Olmaz mı! Bir tanesini asla unutamıyorum. Londra’da ‘Reggae Love Songs’ adında bir konser verdim. Hayatta en sevdiğim sanatçı Bob Marley’dir. Bu bahsettiğim konserde oğlu Kulian Marley konuk sanatçı olarak sahnede bana eşlik etti. Sahnedeyken bir an Bob Marley’yi gördüğüme yemin edebilirim. Gerçekten çok hoş bir andı, asla unutamıyorum o hissi.
2023’teki Commonweath Service programında Kral Charles’ın istediği şarkıyı çalmanızı da konuşmamız lazım! Bu nasıl bir heyecandı sizin için? Bize o günü anlatır mısınız?

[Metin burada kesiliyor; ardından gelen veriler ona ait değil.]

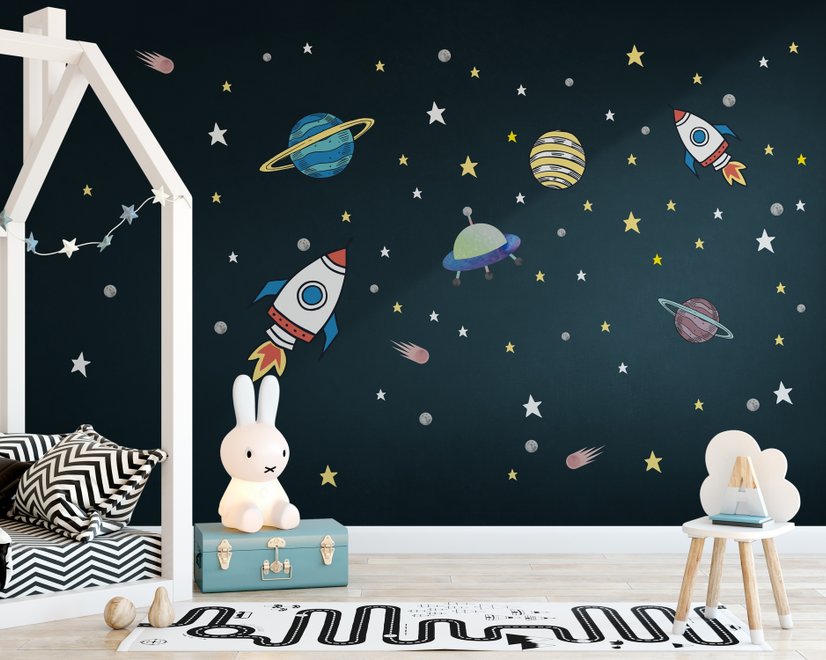 Colorful Space with Little Falling Stars and Planets Wall Decal Sticker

Saraydan adıma özel bir mektup geldi. Bu bir performans daveti mektubuydu. İlk açtığınızda, ‘Tanrım ne çalacağım?’ diye düşünüyorsunuz. Ağırbaşlı bir repertuvar hazırlarım diye düşünerek onlara bu şekilde döndüm. Saraydan gelen yanıt beni şok etti. Kral Charles Bob Marley’nin ‘Is It Love’ parçasını çaldığımı duymuş, özellikle bunu istiyormuş! Ne diyeceğimi bilemedim, büyük bir mutluluktu benim için. Her zaman çaldığımız bir parçayı seslendirecektim ve Jamaika’yı temsil edecektim, bundan daha büyük bir gurur olabilir mi? Çok keyif aldım. Sonradan Kral Charles’ın teşekkürünü de aldım, hayatım boyunca unutamayacağım bir gündü.
Temmuz ayında İstanbul’da sahne alacaksınız. Bize neler söylemek istersiniz konser öncesinde?
Büyük bir heyecan! Son zamanlarda çok fazla turneye çıktık, ekiple gerçekten kaynaşmış durumdayız. Yaz programı için sabırsızlanıyorum. Yeni albümden daha önce pek çalmadığımız birkaç şarkı da çalacağız. İstanbul’daki kitlenin nasıl tepki vereceğini çok merak ediyorum! Son olarak Londra’ya yolu düşenler için bir haberim var. Soul Mama adlı bir restoranım ve canlı müzik mekanım var, herkesi beklerim!
10 Temmuz’da 31. İstanbul Caz Festivali kapsamında 21.00’da Sultan Park – Swissôtel The Bosphorus’ta sahne alacak.